A new study says that eruptions from mega volcanoes caused several mass extinctions on Earth and contributed to the one that killed the dinosaurs. Image via Andrew Schwark/ Pexels.
EarthSky has a story about the K-Pg mass extinction. The Big Five Mass Extinctions all involved multiple events or conditions to bring about the destruction they wrought. Volcanoes were usually a part of it. A recent paper in the journal Proceedings of the National Academy of Sciences proposes that it was both the flood basalt volcanic eruptions of the Deccan Traps and the meteor strike on the Yucatan Peninsula that brought about the K-Pg mass extinction about 66 million years ago.

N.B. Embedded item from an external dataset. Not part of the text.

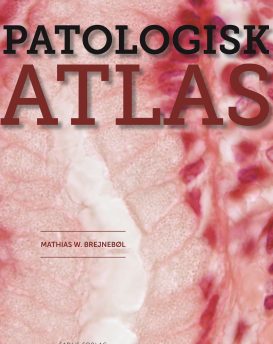 Patologisk atlas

The conventional wisdom of recent decades has pointed to an asteroid impact as the reason the dinosaurs disappeared. The smoking gun has been a large crater found in the 1970s to be buried beneath the Yucatan Peninsula. Chicxulub crater looks like the site of an asteroid impact some 66 million years ago, the same time the dinosaurs disappeared. But researchers at Dartmouth College said this week (September 12, 2022), that we can’t rule out mega volcanoes as a factor in the dinosaurs’ disappearance. They said mega volcanoes were a key driver in major mass extinctions throughout Earth’s history. Four of Earth’s five great extinctions happened just as mega volcanoes created the vast ancient lava flows we see on Earth today as flood basalts, they said. And they suggested the mass extinction that took out the dinosaurs was due to a double whammy from both volcanoes and an asteroid strike.